In the start-up, it is also important to think about the stakeholders around, people such as the board, owners, union representatives, employees, customers and the rest of the management team. Things you can ask them are their goals and strategies, what are their top 3 priorities, what they see as the biggest obstacles and how you can help.
Complete overview of financial plans and analyzes
Get a complete overview and performance analysis of the company’s contracts and future obligations and opportunities. Key people in the finance department spend a disproportionate amount of time getting a complete overview of the company’s financial obligations, costs and cash flow, when time should be spent on performance review and identifying the strategic approach for increased performance in the management team.
Better management reporting and performance management
With good and easily accessible management reports, management as well as middle management quickly provides insight into strategy processes and decision-making.
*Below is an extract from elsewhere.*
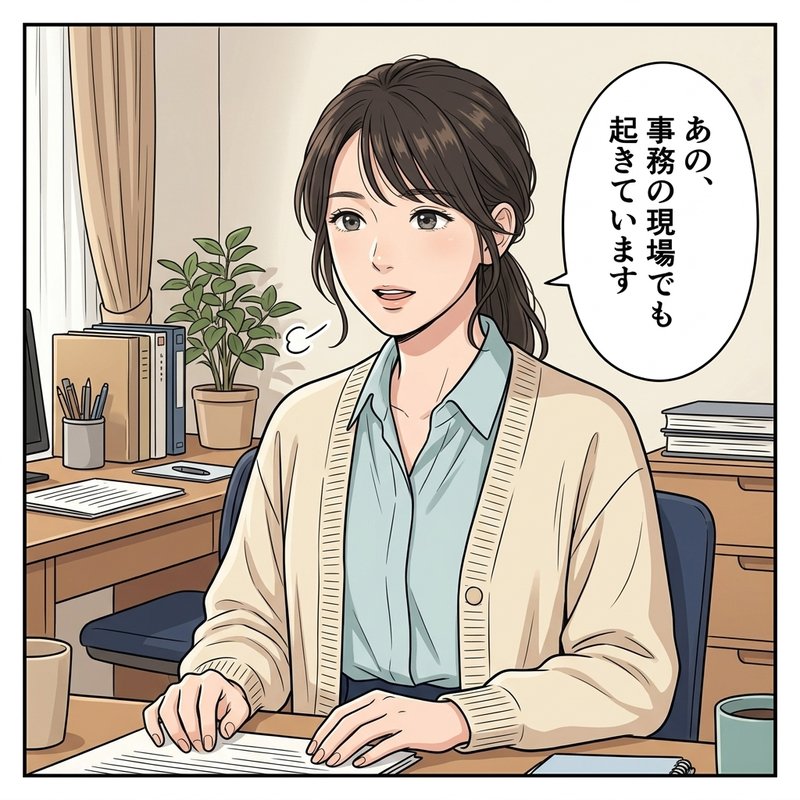 自分が見てきたことにも意味があったと気づくミサキ（コマ3）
More efficient and less time spent on accounting and performance
A significant proportion of managers quit after less than two years in the job. By interviewing a number of managers, it was found out what should be emphasized in the start-up phase, which was:
- adapt to his new role
- emphasise building relationships
- communicate credibly and clearly
- understand the culture and the power play
- show leadership in important situations
- work with what occupies the senior manager
- focus on those who will execute the strategy, and do too much yourself
In order to be able to use sufficient time to understand the business, one must go out into the organization and gather information and create relationships. It is therefore particularly important that the company’s support systems are in place and provide the necessary management information.